┌──

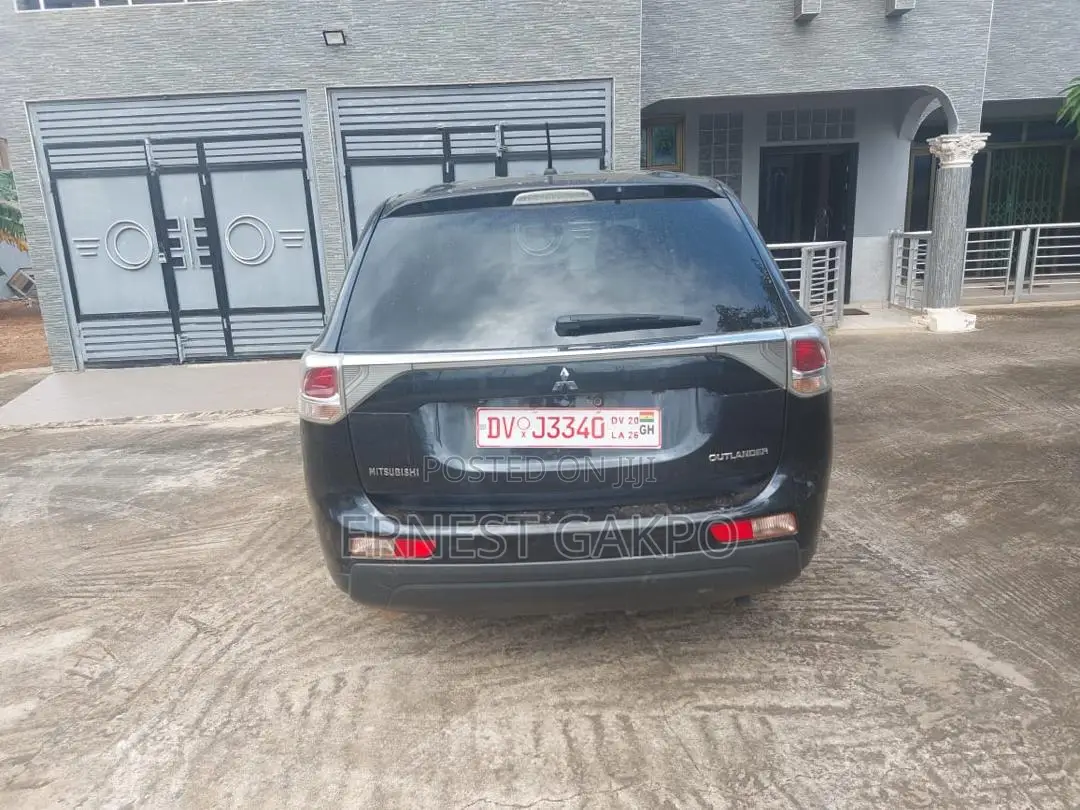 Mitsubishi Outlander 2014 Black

└──
┌──

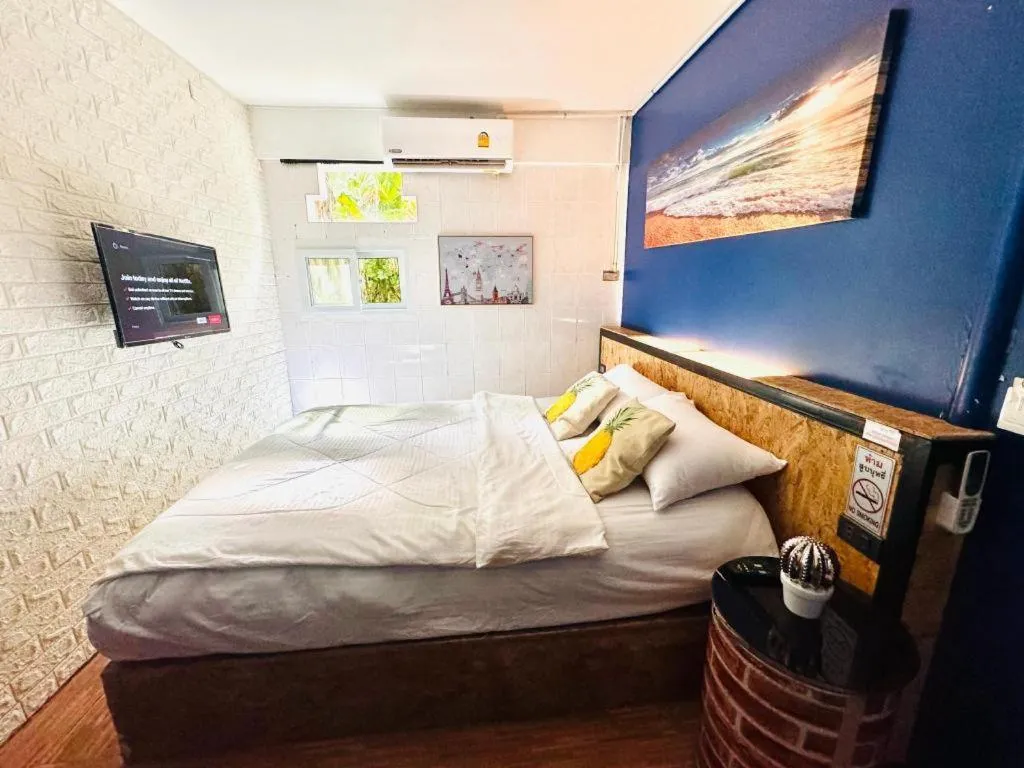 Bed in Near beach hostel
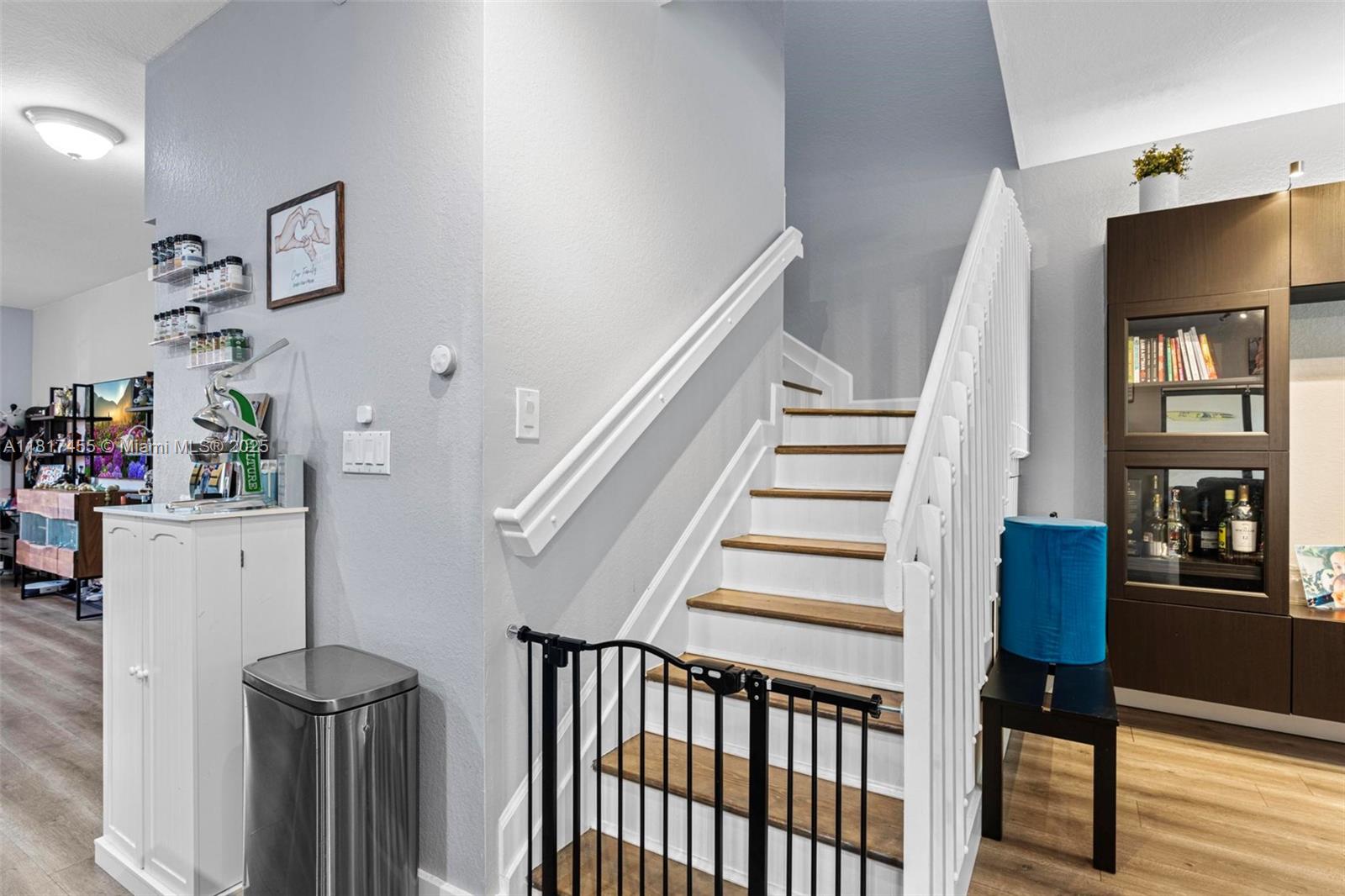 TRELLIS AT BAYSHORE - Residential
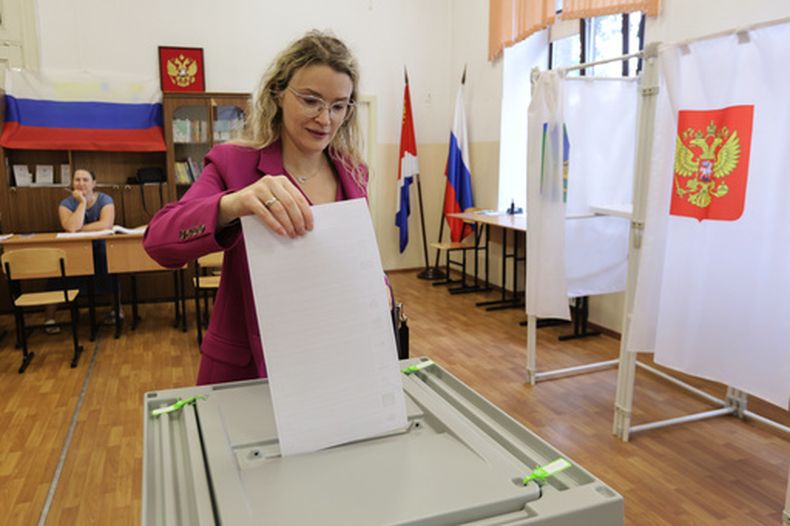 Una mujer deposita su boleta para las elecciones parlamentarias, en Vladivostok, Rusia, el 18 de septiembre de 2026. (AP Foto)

└──
┌──

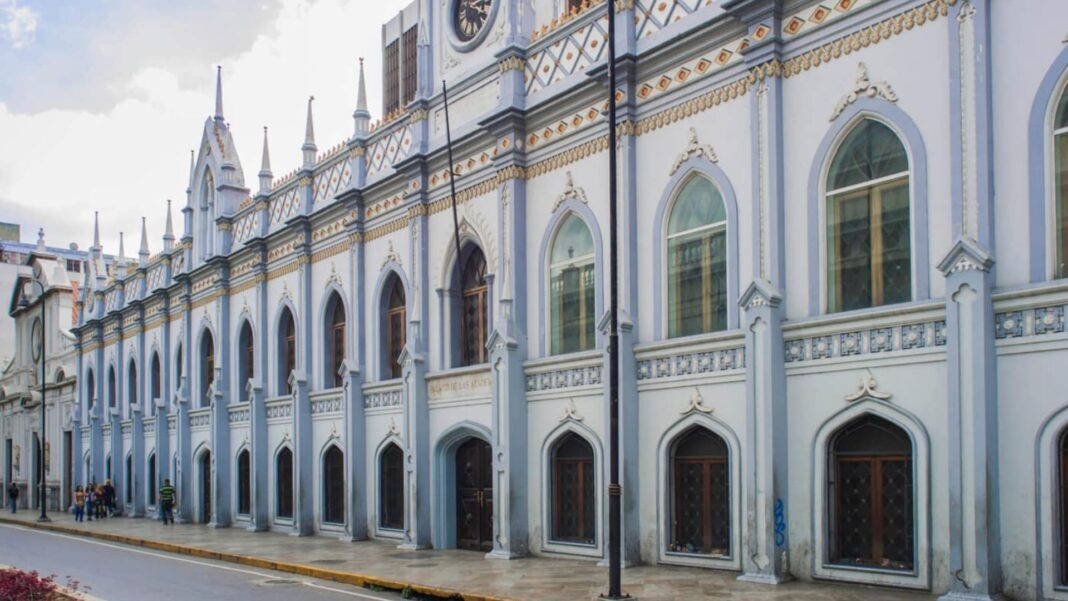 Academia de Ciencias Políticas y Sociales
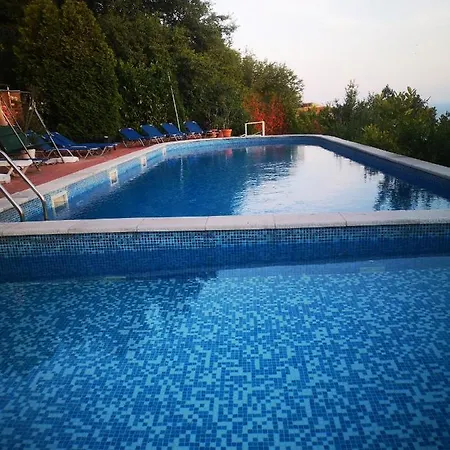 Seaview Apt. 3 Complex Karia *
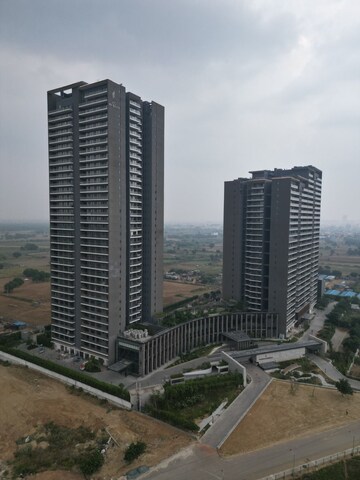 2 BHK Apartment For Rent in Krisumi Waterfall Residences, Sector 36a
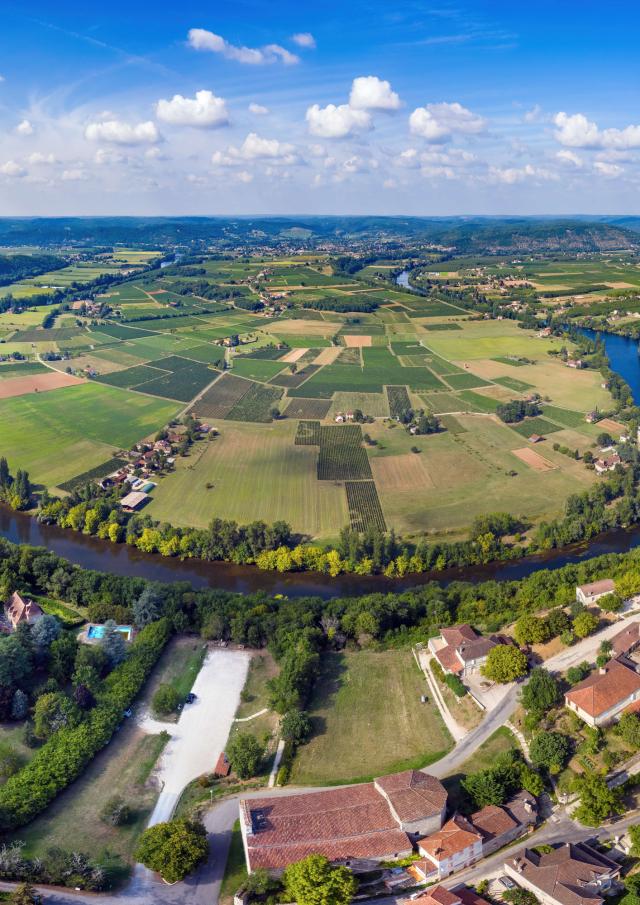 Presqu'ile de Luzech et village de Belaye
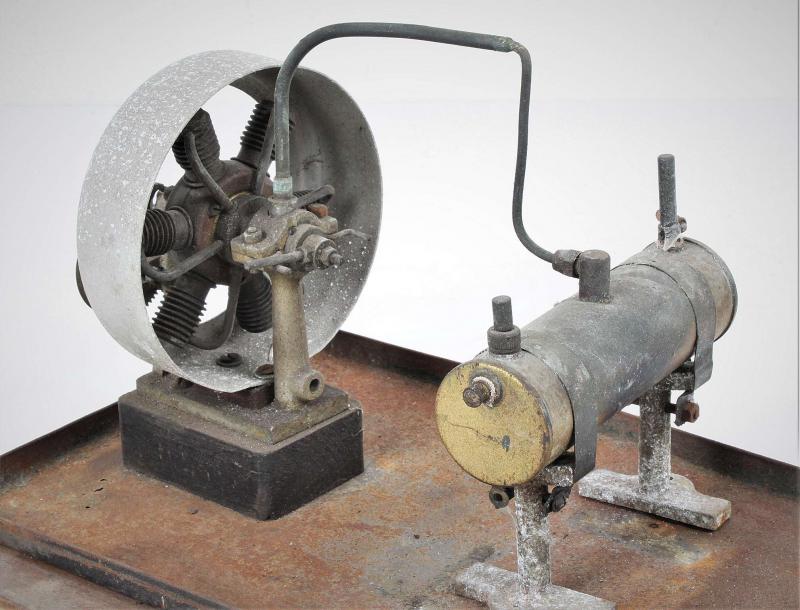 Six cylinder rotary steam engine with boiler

└──

_Instructions for the task_
Please transcribe exactly the part of the records that opens with the line containing "2 BHK Apartment" and closes with the line containing "Six cylinder rotary steam engine with boiler", both ends included, and leave out the pictures.

_Solution to the exercise_
 2 BHK Apartment For Rent in Krisumi Waterfall Residences, Sector 36a
 Presqu'ile de Luzech et village de Belaye
 Six cylinder rotary steam engine with boiler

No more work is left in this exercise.